[Data supplied Boundary: Start]

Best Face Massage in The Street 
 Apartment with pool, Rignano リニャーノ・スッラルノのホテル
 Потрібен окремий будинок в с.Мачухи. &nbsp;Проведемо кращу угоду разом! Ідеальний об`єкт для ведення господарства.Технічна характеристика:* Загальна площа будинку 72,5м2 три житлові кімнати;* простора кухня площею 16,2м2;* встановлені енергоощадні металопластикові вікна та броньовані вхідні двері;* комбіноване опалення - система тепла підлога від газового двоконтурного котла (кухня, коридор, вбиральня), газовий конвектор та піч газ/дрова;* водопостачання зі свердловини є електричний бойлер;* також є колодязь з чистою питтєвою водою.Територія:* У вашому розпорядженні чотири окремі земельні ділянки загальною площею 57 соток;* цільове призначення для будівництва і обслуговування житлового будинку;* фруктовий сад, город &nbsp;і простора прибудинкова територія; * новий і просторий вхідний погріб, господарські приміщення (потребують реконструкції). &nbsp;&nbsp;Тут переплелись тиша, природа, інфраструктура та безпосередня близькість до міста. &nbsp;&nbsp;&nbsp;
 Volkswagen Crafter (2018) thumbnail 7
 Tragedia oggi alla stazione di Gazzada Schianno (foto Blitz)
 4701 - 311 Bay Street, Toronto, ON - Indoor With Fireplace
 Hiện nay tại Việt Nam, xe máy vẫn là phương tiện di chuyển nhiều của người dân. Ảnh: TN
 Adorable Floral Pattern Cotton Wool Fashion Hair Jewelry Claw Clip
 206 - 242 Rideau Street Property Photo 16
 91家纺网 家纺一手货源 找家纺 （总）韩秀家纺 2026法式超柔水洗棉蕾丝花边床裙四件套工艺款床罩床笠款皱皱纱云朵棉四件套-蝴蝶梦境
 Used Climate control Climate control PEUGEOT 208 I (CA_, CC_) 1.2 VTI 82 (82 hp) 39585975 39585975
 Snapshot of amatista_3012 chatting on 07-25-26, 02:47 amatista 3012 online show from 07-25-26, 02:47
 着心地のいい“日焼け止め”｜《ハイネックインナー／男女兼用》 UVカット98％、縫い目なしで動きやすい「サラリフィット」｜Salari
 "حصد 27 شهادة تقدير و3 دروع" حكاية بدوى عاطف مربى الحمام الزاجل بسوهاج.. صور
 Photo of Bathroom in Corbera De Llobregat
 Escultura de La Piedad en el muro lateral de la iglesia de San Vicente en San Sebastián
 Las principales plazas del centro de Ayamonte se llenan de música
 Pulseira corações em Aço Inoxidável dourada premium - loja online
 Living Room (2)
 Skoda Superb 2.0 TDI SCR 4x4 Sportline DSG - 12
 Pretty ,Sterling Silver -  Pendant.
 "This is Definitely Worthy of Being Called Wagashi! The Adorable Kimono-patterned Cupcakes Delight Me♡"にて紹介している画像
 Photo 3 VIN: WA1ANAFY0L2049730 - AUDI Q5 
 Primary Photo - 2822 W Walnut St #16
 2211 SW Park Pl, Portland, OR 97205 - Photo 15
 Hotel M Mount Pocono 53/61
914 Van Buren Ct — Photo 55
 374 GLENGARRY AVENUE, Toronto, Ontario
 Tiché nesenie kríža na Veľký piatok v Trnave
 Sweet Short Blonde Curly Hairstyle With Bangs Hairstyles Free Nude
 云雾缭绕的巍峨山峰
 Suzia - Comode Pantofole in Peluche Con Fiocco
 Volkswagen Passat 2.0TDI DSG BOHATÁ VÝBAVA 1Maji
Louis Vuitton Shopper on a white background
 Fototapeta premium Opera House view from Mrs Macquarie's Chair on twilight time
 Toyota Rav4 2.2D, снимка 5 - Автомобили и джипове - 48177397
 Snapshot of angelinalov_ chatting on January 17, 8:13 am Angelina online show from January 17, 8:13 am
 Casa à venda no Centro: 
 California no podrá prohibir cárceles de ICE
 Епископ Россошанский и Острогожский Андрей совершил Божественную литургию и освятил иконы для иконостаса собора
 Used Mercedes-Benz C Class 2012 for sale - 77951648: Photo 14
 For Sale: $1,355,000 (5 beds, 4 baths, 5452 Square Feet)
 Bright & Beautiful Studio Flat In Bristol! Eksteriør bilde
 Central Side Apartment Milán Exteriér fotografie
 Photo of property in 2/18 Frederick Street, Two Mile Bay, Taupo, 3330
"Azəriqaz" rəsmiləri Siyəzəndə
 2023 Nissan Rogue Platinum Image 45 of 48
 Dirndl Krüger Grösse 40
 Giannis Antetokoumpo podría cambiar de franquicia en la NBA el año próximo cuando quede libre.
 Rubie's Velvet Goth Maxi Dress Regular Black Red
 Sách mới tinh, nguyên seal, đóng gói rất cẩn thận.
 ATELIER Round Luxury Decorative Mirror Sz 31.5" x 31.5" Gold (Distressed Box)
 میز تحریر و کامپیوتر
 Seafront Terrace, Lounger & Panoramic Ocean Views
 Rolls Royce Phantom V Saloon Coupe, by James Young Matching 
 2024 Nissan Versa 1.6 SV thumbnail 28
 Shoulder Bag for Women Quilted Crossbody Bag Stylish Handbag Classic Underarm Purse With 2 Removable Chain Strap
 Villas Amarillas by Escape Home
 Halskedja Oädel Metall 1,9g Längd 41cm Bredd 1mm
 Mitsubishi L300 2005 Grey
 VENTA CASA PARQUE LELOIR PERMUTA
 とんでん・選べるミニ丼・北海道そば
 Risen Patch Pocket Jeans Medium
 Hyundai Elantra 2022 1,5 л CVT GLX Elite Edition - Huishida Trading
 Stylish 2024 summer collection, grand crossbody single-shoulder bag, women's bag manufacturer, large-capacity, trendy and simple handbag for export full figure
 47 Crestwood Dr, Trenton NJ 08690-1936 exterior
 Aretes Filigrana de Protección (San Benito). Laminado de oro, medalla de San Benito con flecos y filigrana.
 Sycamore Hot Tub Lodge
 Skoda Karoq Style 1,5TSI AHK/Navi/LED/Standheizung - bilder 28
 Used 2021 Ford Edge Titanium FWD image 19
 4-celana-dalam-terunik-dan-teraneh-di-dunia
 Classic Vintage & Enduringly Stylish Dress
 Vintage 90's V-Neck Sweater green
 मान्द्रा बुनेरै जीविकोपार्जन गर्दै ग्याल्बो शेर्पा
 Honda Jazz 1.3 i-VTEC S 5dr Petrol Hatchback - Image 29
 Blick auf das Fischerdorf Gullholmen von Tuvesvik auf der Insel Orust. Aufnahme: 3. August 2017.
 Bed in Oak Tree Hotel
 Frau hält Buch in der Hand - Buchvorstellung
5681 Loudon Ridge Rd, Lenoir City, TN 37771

[Data supplied Boundary: End]

- Exercise aim
Whatever else the listing above holds, retype exactly only the lines from the one containing "Fototapeta premium Opera" to the one containing "Photo of property", both ends kept.

- Result of the task
 Fototapeta premium Opera House view from Mrs Macquarie's Chair on twilight time
 Toyota Rav4 2.2D, снимка 5 - Автомобили и джипове - 48177397
 Snapshot of angelinalov_ chatting on January 17, 8:13 am Angelina online show from January 17, 8:13 am
 Casa à venda no Centro: 
 California no podrá prohibir cárceles de ICE
 Епископ Россошанский и Острогожский Андрей совершил Божественную литургию и освятил иконы для иконостаса собора
 Used Mercedes-Benz C Class 2012 for sale - 77951648: Photo 14
 For Sale: $1,355,000 (5 beds, 4 baths, 5452 Square Feet)
 Bright & Beautiful Studio Flat In Bristol! Eksteriør bilde
 Central Side Apartment Milán Exteriér fotografie
 Photo of property in 2/18 Frederick Street, Two Mile Bay, Taupo, 3330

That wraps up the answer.